Silly Hat Day In School

One of my son’s teachers came up with a scheme for motivating her students to do well. I’m sure many similar schemes have been devised in the past, but I thought I’d share it here.

Earning Money

First of all, the teacher identified the kind of behaviour she wanted to encourage. Perhaps being helpful, or quiet when she was talking, or asking good questions. I’m guessing. Then, when students did what she wanted, they’d be given ‘class dollars’, which were recorded on a chart in the classroom. When son came home and said he’d earned $300, he was quick to explain that this wasn’t ‘real money’.

Buying Rewards

When a student had earned enough cash, he or she could exchange it for real rewards. This is nice, because certain fixed rewards (a certificate, or a star) while having broad appeal, might not appeal equally to all. Having a broad choice of rewards allows each student to aim for the one they feel is the most valuable. (It also teaches them about money, which is valuable in its own right)

Creative Prizes

The thing that struck me as most creative (and the reason I’m mentioning it at all on this blog) is that the rewards would have cost the teacher (or the school budget) nothing. Each one was a zero-cost prize of great value to at least some of the students. I found out about the rewards scheme when my son asked me for ideas for a silly hat. “It’s Silly Hat Day tomorrow.” he explained. When I asked why, he told me one of his classmates had bought a Silly Hat Day for $300, and all the details came out on further questioning.

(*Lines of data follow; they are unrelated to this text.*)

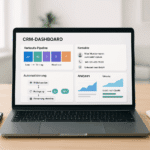 Modernes CRM-Dashboard mit Automatisierung und Analysefunktionen für kleine Unternehmen im Jahr 2025
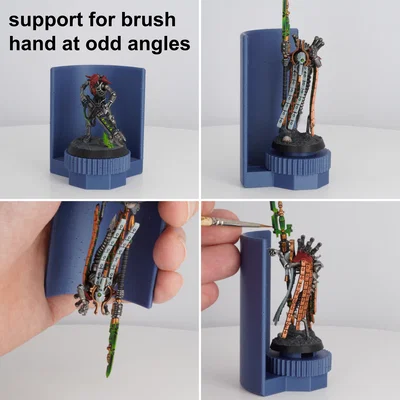 Hệ thống tay cầm/giá đỡ sơn mini nam châm (Magnetic Miniature Painting Handle/Holder)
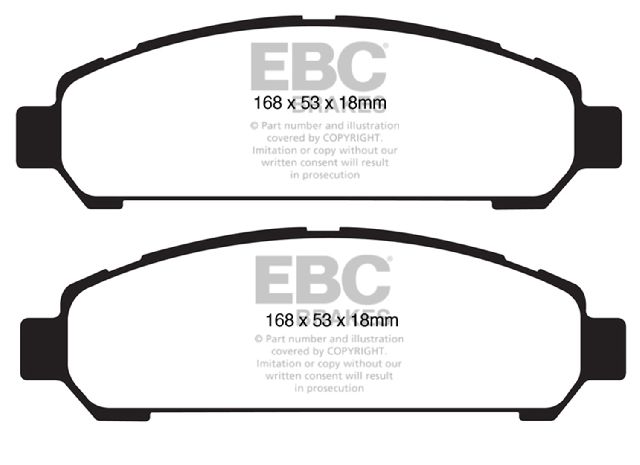 2009-2016 Toyota Venza Disc Brake Pad Set - Front (EBC Brakes)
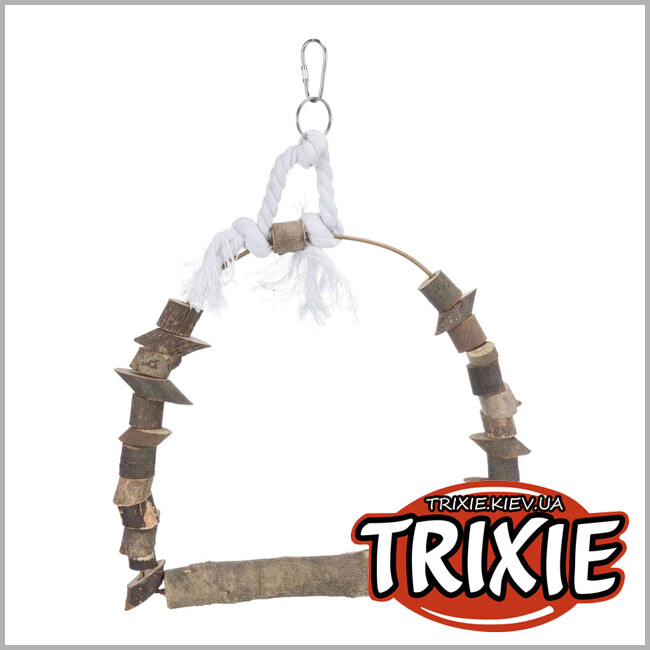 ТРИКСИ Украина - Качели для птиц TRIXIE - деревянные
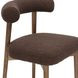 Spara Chocolate Brown Performance Fabric Upholstered Side Chair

Some of the rewards available were

  • Silly Hat Day
  • 20 minutes computer time
  • 10 minutes free time
  • Allowed to take shoes and socks off for 10 minutes

I don’t know whether a student could pay to make their classmate put their shoes and socks back on again!

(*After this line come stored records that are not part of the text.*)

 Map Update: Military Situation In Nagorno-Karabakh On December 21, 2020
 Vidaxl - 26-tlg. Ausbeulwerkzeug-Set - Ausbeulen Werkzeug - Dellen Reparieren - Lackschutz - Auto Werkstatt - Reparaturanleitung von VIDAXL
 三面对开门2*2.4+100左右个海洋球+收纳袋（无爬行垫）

The teacher took these rewards seriously. When only four of my son’s classmates brought in a silly hat, she put aside whatever other plans she might have had, and the kids spent an hour making silly hats, so that the boy who bought the Silly Hat Day got his money’s worth. Was this motivational? Well, my son bought another Silly Hat Day just a few days later, so at least somebody must have liked it….

Very creative. And the teacher who implemented this scheme was in fact a trainee teacher doing her practicum. She should go far!